> Assignment
Print out the entire listing verbatim.

> Data extract
▽
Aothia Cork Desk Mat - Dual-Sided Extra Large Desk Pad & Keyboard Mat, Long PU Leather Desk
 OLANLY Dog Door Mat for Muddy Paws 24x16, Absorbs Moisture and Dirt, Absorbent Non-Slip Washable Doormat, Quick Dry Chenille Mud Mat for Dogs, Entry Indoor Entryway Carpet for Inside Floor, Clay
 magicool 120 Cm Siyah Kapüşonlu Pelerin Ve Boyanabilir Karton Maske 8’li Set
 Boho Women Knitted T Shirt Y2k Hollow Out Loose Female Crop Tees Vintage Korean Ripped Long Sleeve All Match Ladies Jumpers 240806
△
> Response box
Aothia Cork Desk Mat - Dual-Sided Extra Large Desk Pad & Keyboard Mat, Long PU Leather Desk
 OLANLY Dog Door Mat for Muddy Paws 24x16, Absorbs Moisture and Dirt, Absorbent Non-Slip Washable Doormat, Quick Dry Chenille Mud Mat for Dogs, Entry Indoor Entryway Carpet for Inside Floor, Clay
 magicool 120 Cm Siyah Kapüşonlu Pelerin Ve Boyanabilir Karton Maske 8’li Set
 Boho Women Knitted T Shirt Y2k Hollow Out Loose Female Crop Tees Vintage Korean Ripped Long Sleeve All Match Ladies Jumpers 240806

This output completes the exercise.